### DATA EXTRACT
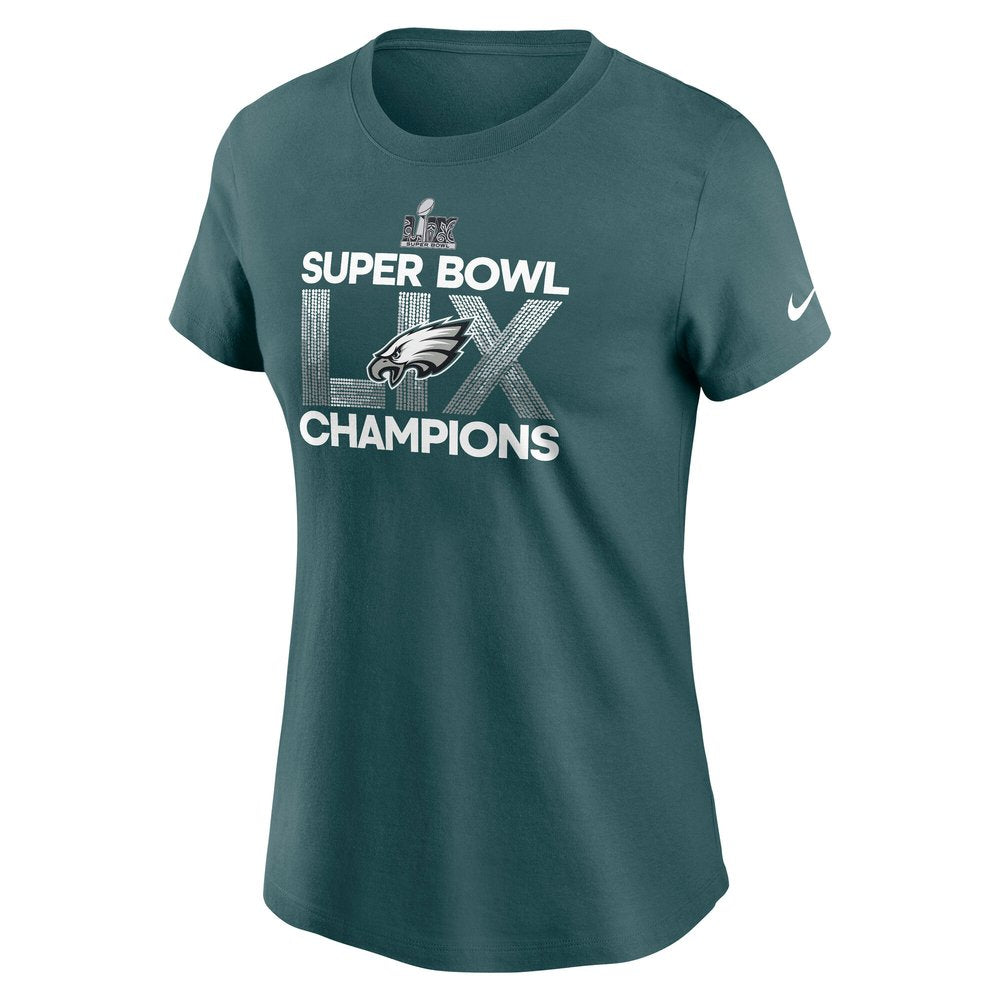 Women's Philadelphia Eagles Midnight Green Super Bowl LIX Champions T-Shirt 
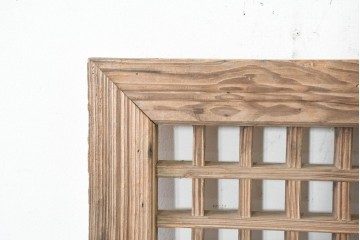 中国アンティーク建具　李朝風建具　均整の取れた格子意匠が魅力の窓1枚　(R-089793)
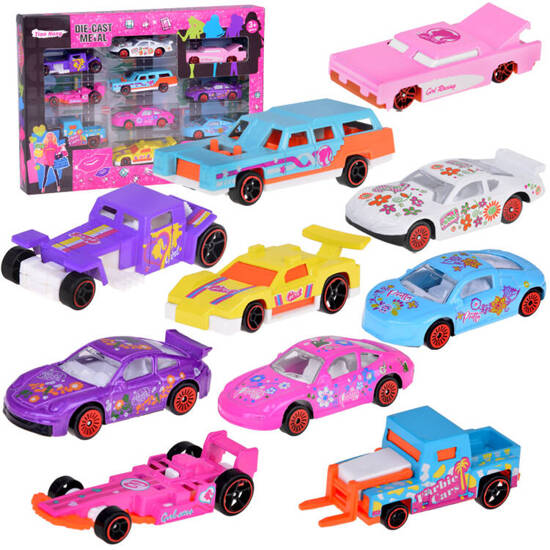 Set of 10 diecast cars Springs Cars Sports cars ZA5320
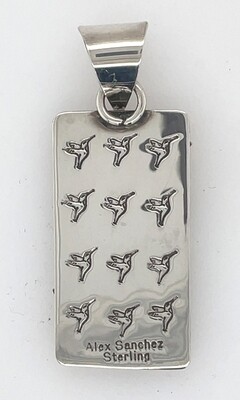 SILVER SYMBOLS PENDANT NAVAJO-ALEX SANCHEZ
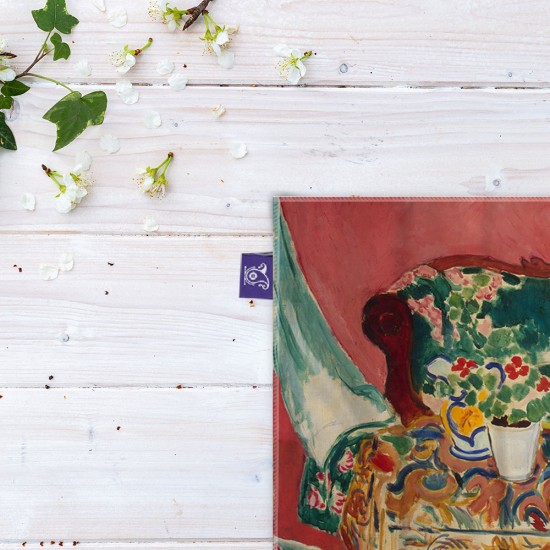 کادوپیچ پارچه‌ ای طرح اشیاء بی جان از ماتیس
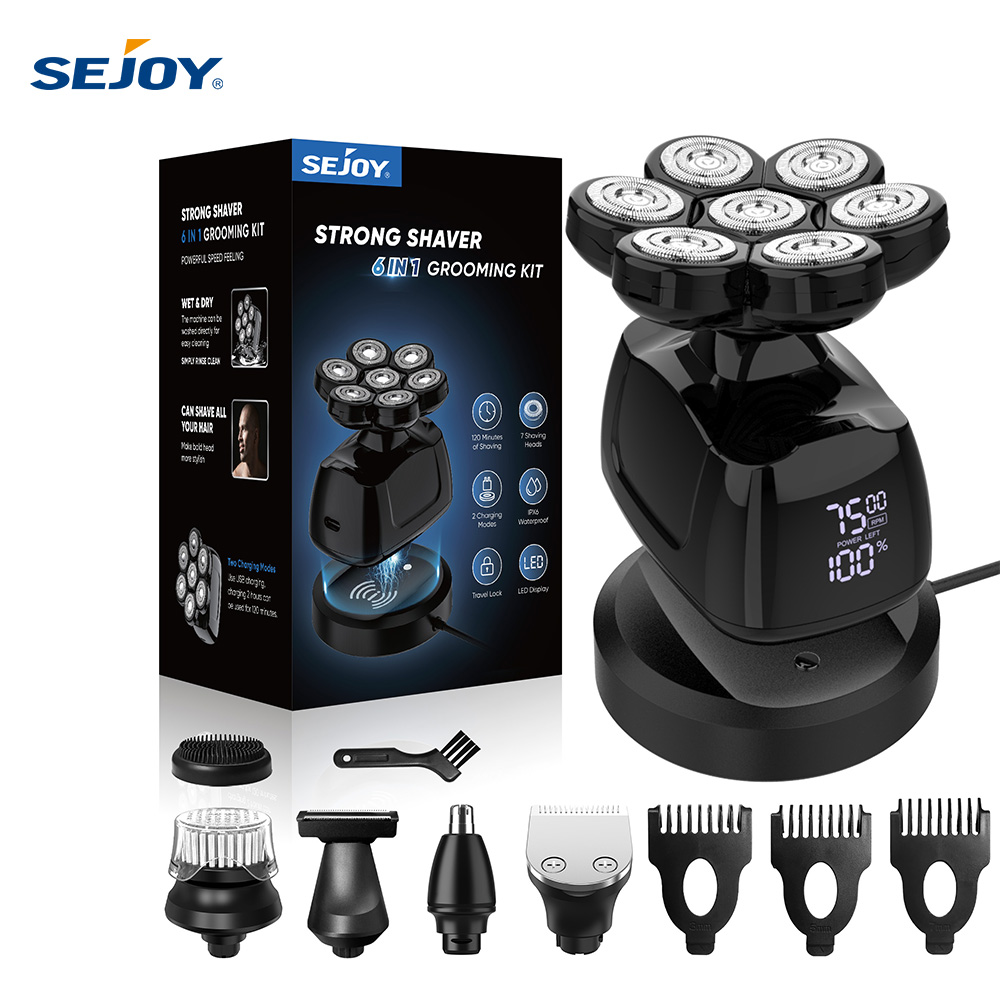 Men'S Grooming Blade - SEJOY Multifunctionele 7D Hoofdscheerapparaten voor kale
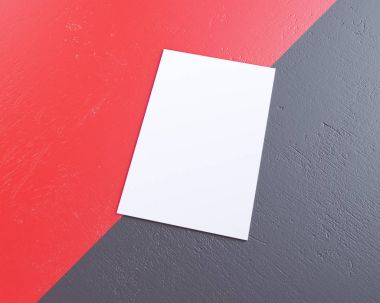 Marka kimliği için şablon. Sunumlar ve portföy grafik 3d çizim
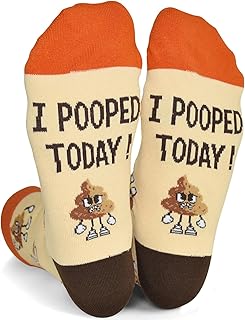 GOLIN Novelty Birthday Christmas Gifts for Men Women - Funny Saying Crew Socks Silly Funky Dress Socks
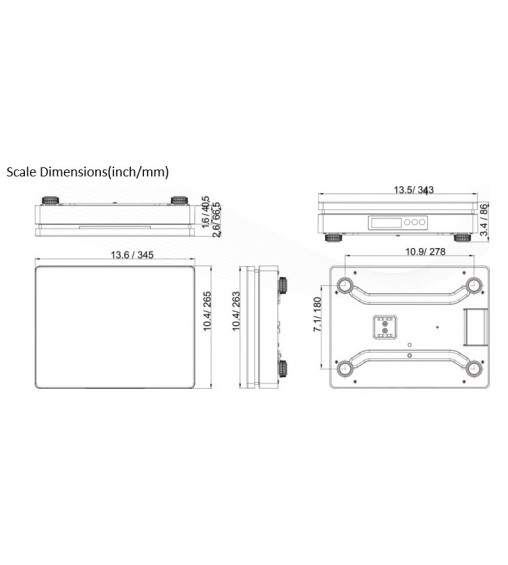 DIGIWEIGH INTERFACE SCALE WITH CASH REGISTER SYSTEM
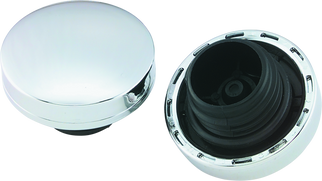 Bikers Choice 82-E96 Non-Vented High Top Gas Cap Left Side Fat Bob Screw In Type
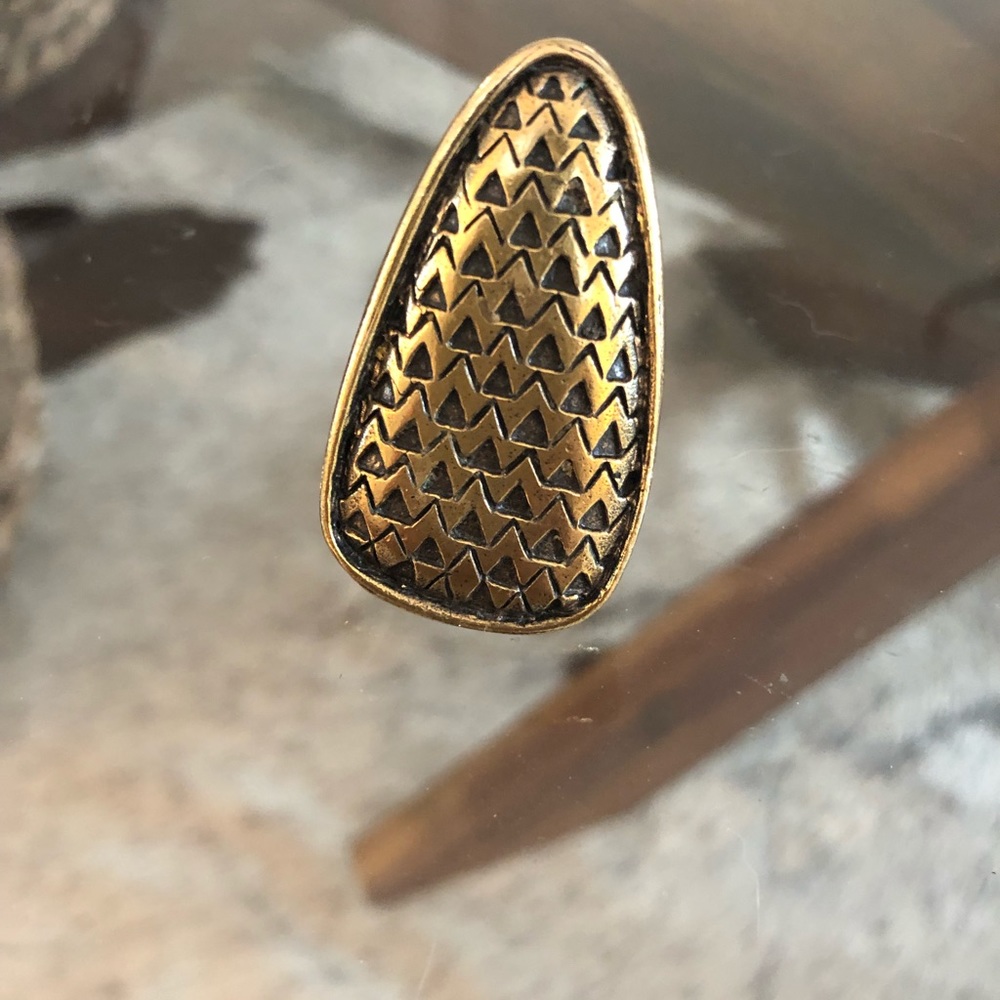 Boho statement ring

### WHAT TO PRODUCE
Transcribe all the data word for word; the images stay out.

### SOLUTION FOR THIS PROBLEM
 Women's Philadelphia Eagles Midnight Green Super Bowl LIX Champions T-Shirt 
 中国アンティーク建具　李朝風建具　均整の取れた格子意匠が魅力の窓1枚　(R-089793)
 Set of 10 diecast cars Springs Cars Sports cars ZA5320
 SILVER SYMBOLS PENDANT NAVAJO-ALEX SANCHEZ
 کادوپیچ پارچه‌ ای طرح اشیاء بی جان از ماتیس
 Men'S Grooming Blade - SEJOY Multifunctionele 7D Hoofdscheerapparaten voor kale
 Marka kimliği için şablon. Sunumlar ve portföy grafik 3d çizim
 GOLIN Novelty Birthday Christmas Gifts for Men Women - Funny Saying Crew Socks Silly Funky Dress Socks
 DIGIWEIGH INTERFACE SCALE WITH CASH REGISTER SYSTEM
 Bikers Choice 82-E96 Non-Vented High Top Gas Cap Left Side Fat Bob Screw In Type
 Boho statement ring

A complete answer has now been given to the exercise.